═══ Given information
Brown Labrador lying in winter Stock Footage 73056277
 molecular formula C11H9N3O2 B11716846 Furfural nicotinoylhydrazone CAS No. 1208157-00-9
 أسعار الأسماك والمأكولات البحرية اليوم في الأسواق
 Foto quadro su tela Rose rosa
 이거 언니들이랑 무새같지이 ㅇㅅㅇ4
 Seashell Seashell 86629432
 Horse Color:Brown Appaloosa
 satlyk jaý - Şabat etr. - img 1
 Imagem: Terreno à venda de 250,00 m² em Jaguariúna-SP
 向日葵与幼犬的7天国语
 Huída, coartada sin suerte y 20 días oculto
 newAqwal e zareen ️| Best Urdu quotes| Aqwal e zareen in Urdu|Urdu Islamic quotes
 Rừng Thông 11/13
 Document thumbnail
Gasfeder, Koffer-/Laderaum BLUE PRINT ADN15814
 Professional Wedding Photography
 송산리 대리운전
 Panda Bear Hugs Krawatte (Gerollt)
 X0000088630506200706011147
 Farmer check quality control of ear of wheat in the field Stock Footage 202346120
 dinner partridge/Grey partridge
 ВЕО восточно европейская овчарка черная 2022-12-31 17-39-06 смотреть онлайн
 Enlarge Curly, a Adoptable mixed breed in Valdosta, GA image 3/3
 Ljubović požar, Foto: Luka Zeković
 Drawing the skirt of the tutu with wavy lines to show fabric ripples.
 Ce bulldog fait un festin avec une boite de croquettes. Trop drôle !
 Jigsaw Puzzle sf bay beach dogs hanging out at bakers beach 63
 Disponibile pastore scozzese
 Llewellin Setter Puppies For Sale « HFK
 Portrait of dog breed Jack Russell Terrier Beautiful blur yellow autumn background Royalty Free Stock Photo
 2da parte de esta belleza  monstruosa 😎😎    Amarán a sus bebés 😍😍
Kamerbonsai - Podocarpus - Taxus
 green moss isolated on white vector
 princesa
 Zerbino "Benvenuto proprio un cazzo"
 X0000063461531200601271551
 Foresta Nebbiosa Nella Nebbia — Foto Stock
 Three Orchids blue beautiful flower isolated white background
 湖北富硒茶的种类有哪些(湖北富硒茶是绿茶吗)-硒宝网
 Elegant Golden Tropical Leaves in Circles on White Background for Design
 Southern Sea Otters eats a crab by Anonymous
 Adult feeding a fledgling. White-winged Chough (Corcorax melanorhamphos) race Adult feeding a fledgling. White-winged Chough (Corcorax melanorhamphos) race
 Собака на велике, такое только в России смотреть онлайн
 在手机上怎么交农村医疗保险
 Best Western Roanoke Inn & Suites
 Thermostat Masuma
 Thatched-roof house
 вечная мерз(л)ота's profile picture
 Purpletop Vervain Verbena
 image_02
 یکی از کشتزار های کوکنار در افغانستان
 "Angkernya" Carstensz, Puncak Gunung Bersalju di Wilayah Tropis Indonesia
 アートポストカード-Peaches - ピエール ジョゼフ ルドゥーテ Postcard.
══════
» Work to complete: All that belongs in the answer is the run of lines above from the line containing "2da parte de" through the line containing "湖北富硒茶的种类有哪些(湖北富硒茶是绿茶吗)-硒宝网", exactly as written.

» Answer to the problem:
 2da parte de esta belleza  monstruosa 😎😎    Amarán a sus bebés 😍😍
Kamerbonsai - Podocarpus - Taxus
 green moss isolated on white vector
 princesa
 Zerbino "Benvenuto proprio un cazzo"
 X0000063461531200601271551
 Foresta Nebbiosa Nella Nebbia — Foto Stock
 Three Orchids blue beautiful flower isolated white background
 湖北富硒茶的种类有哪些(湖北富硒茶是绿茶吗)-硒宝网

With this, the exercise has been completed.